In 1945, the Cold War began between the United States and the Soviet Union as World War II came to a close. In Europe, the Soviets controlled all territory east of central Germany and set up pro-Soviet communist regimes in those countries. In Asia, the Soviets were aiding the communists in the Chinese Civil War. Quickly, communist governments were popping up throughout Asia, alarming the West. Simultaneously, the Soviets revealed that they had built their own atomic bomb. Many Americans were terrified of both communism and the threat of nuclear war. How did this affect presidential elections between the late 1940s and the 1980s? Did presidential candidates campaign on Cold War issues?
1945-48: Soviet Eastern Europe and the Berlin Airlift
In May 1945, World War II in Europe ended days after the Soviet Red Army captured all of Berlin, the capital city of Nazi Germany. During the war, it had been assumed that the Soviets would allow free and fair elections in the countries they had liberated from Nazi occupation. Instead, Soviet premier Joseph Stalin set up pro-Soviet satellite states in eastern Europe that were loyal to the USSR. Despite this violation of wartime agreements, there was little the US and Britain could do. The Red Army was massive, and American and British citizens did not want another war.

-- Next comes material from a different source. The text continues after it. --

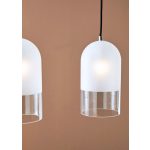 Markslöjd COPE Pendant 3L Frosted/Clear/Black - MS-108226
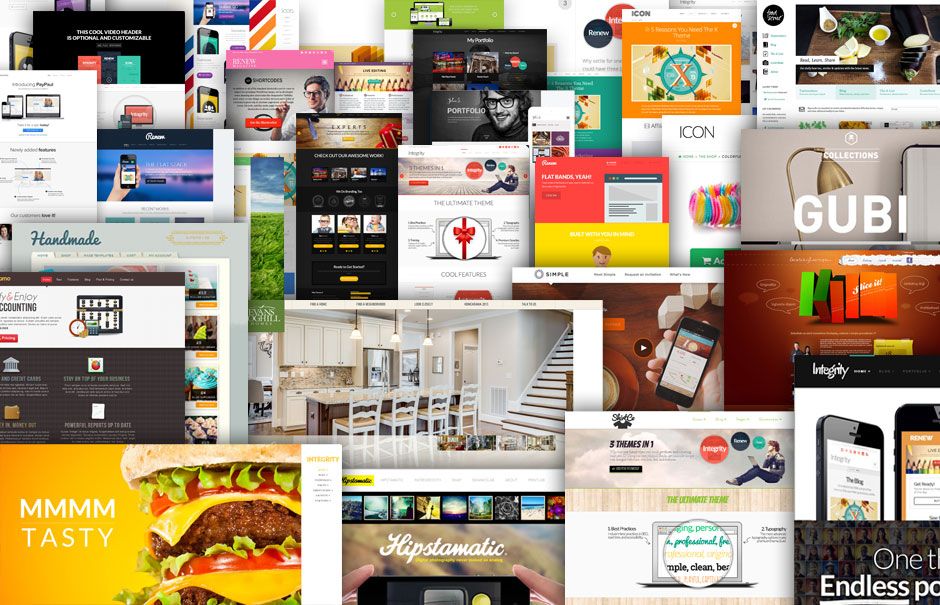 Esempi di Siti Web low cost dall'aspetto professionale, di rapido sviluppo, con personalizzazione di temi e modelli WordPress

US President Harry S. Truman became the first Cold War president and, in 1948, had to decide what to do when the Soviets blockaded West Berlin. Truman knew that trying to break through the blockade with military vehicles might provoke a war, so he authorized an airlift instead. The airlift was successful in resupplying West Berlin, and the Soviets ended the blockade when they realized they had been outmaneuvered. This victory likely aided Truman in his upset victory for re-election, which many political analysts considered unlikely.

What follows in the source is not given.